Segment Start: Available records

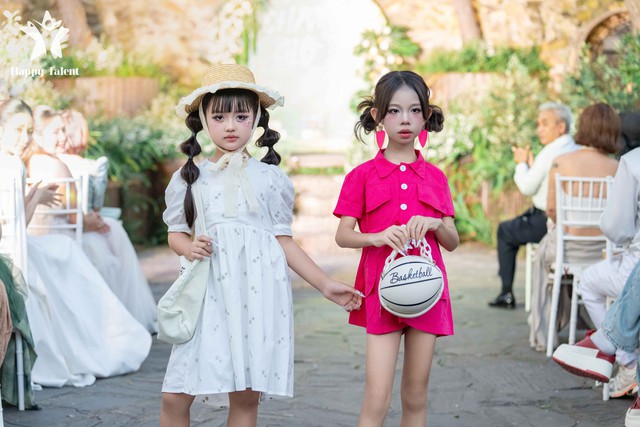 Cherry An Nhiên hút hồn trên sàn diễn “Chạm Gió” - Ảnh 2.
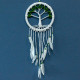 3x Tree of Life Dreamcatcher - Cotton 22cm (assorted)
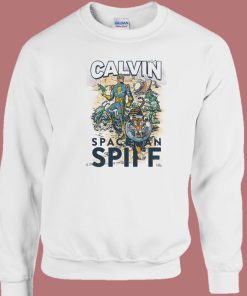 Spaceman Spiff Classic 80s Sweatshirt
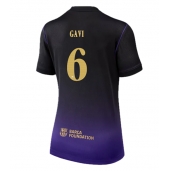 Barcelona Paez Gavi #6 Udebanetrøje Dame 2026-27 Kort ærmer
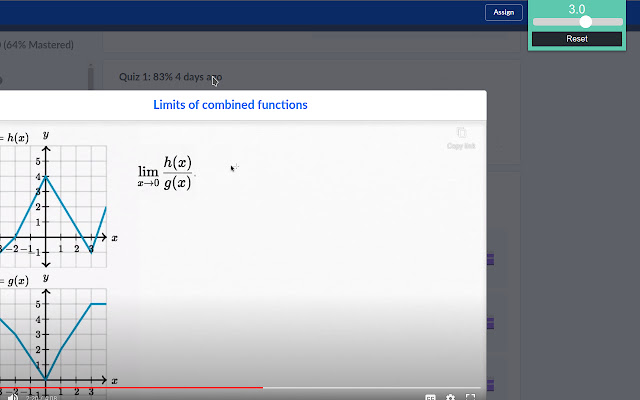 Khan Academy Playback Speed Controller from Chrome web store to be run with OffiDocs Chromium online Khan Academy Playback Speed Controller from Chrome web store to be run with OffiDocs Chromium online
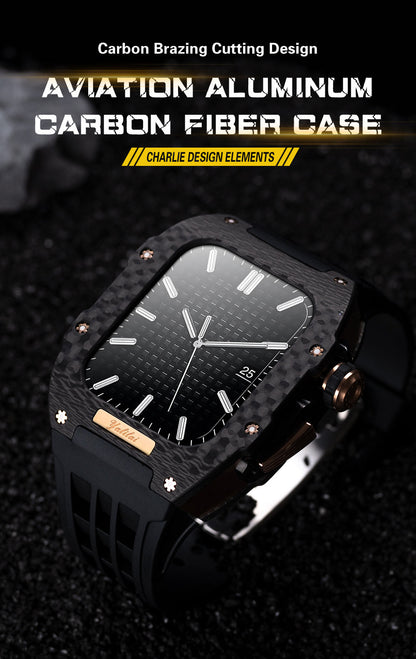 Carbon Fiber iWatch Shell Apple Watch Cases（Multi Colors）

Segment End: Available records

Work required: Exclude all pictures and return precisely the lines from the one containing "Barcelona Paez Gavi" through the closing line of the data.

Output of the task:
 Barcelona Paez Gavi #6 Udebanetrøje Dame 2026-27 Kort ærmer
 Khan Academy Playback Speed Controller from Chrome web store to be run with OffiDocs Chromium online Khan Academy Playback Speed Controller from Chrome web store to be run with OffiDocs Chromium online
 Carbon Fiber iWatch Shell Apple Watch Cases（Multi Colors）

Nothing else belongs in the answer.